[Try it]
Produce an exact transcription of the data, with the images left out.

Given material section start

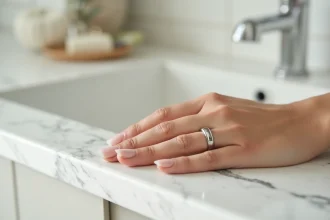 Main de femme avec une bague serrée laissant une marque sur un doigt légèrement gonflé, posée sur du marbre blanc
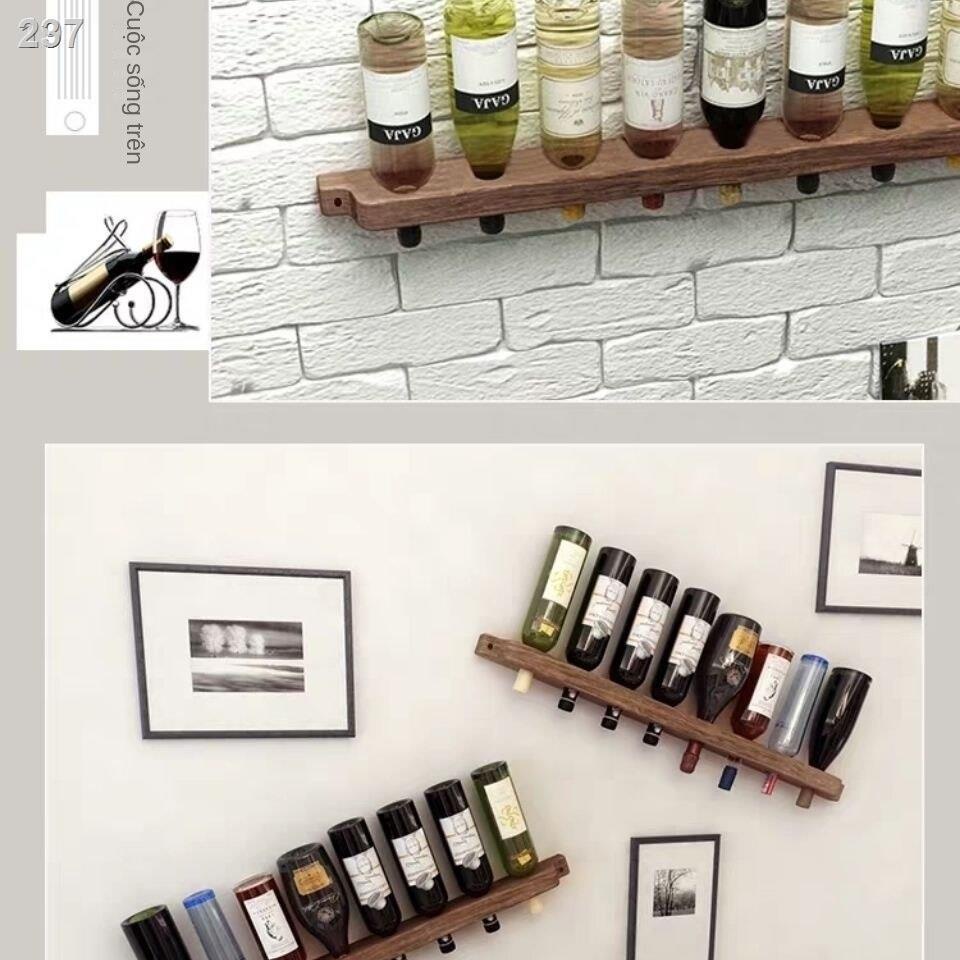 ❧✚☃23Giá rượu treo tường tại nhà quầy bar đơn giản và sáng tạo chai bia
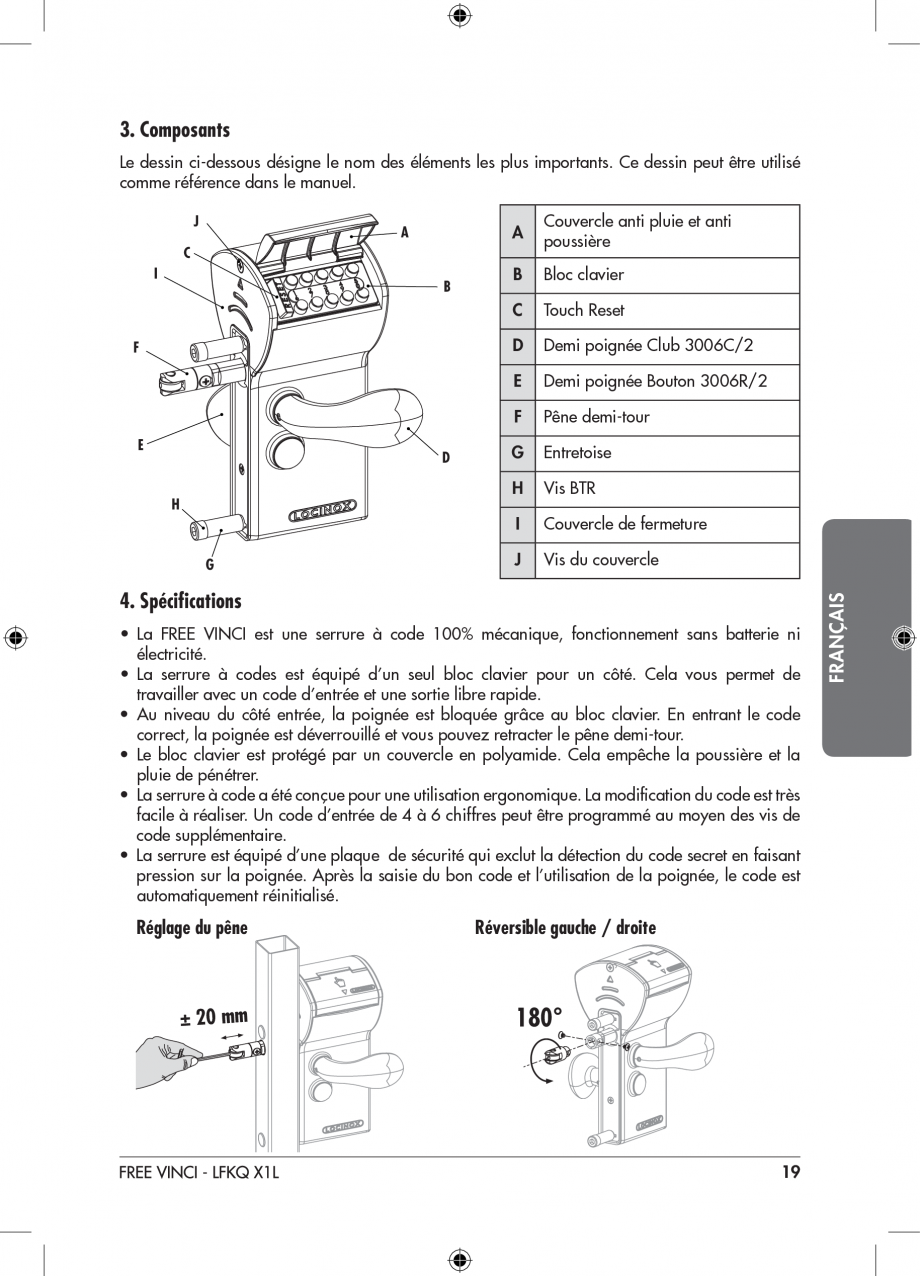 Pagina 20-Incuietoare cu cifru pentru porti pietonale - FREE VINCI LOCINOX LFKQ X1 Instructiuni montaj,...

Given material section end

[Written reply]
 Main de femme avec une bague serrée laissant une marque sur un doigt légèrement gonflé, posée sur du marbre blanc
 ❧✚☃23Giá rượu treo tường tại nhà quầy bar đơn giản và sáng tạo chai bia
 Pagina 20-Incuietoare cu cifru pentru porti pietonale - FREE VINCI LOCINOX LFKQ X1 Instructiuni montaj,...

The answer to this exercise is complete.